God, this weekend has been hard. Not so much physically but emotionally and mentally. It started with Hubby sending me this photo on Friday…



Somehow over the last couple of years he’s managed to dodge it but the dreaded Covid had finally caught up with him for the first time. And although Covid isn’t really a ‘thing’ in the real world any more, in hospital it still very much is, so of course, this meant that he wasn’t able to come and visit on Sunday with the kids like he always does. 

I found out on Thursday that my Hickman line was going to need to come out but I was hoping that it would all be done and I would have a shiny new one in time for Big Fella’s birthday at the end of the month. But I was talking with one of the nurses about it on Saturday and when I said that she told me that there would be no way I would be discharged within the next 2 weeks. Apparently waiting lists for line insertions and excisions are the longest they’ve ever been and she said that although she felt bad telling me that she wanted me to have realistic expectations so I wouldn’t be disappointed. 

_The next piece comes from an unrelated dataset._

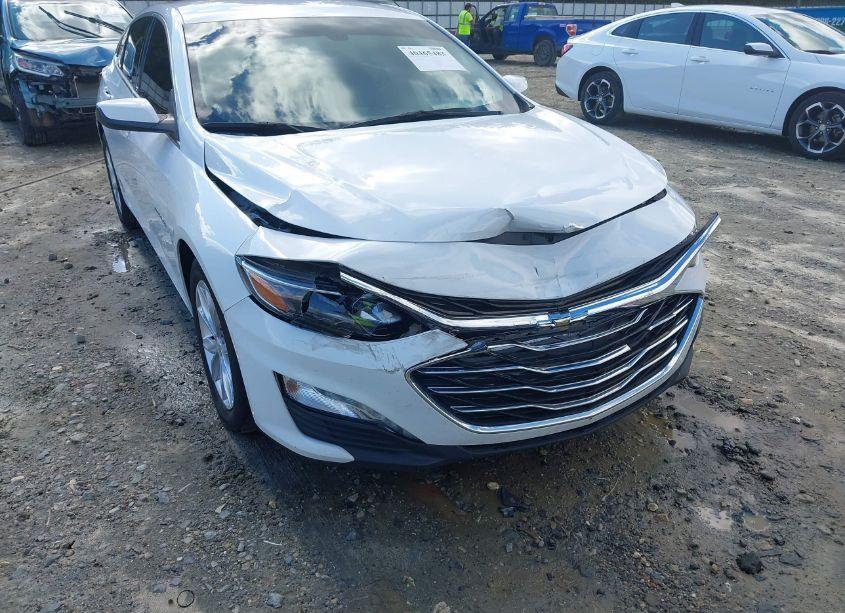 Photo 6 of 2020 Chevrolet Malibu FWD LT (VIN 1G1ZD5STXLF032335)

At that point I just cried and cried. And the nurse sat next to me on the bed and held me while I let it all out. As the tears flowed so did the words; I just told her how fed up I was with everything, that it felt like I was trapped in some fucked up Groundhog Day and that it felt like things were never going to get better. I told her that I’m terrified that this year will end up exactly the same as last year and that I’m going to spend more time in hospital than I am at home. That I’m fed up with my illness taking things from me and that it just feels so unfair. That I feel like a shit Mum and wife and that I worry my kids will look back on their childhood and see that I was absent for huge chunks of it.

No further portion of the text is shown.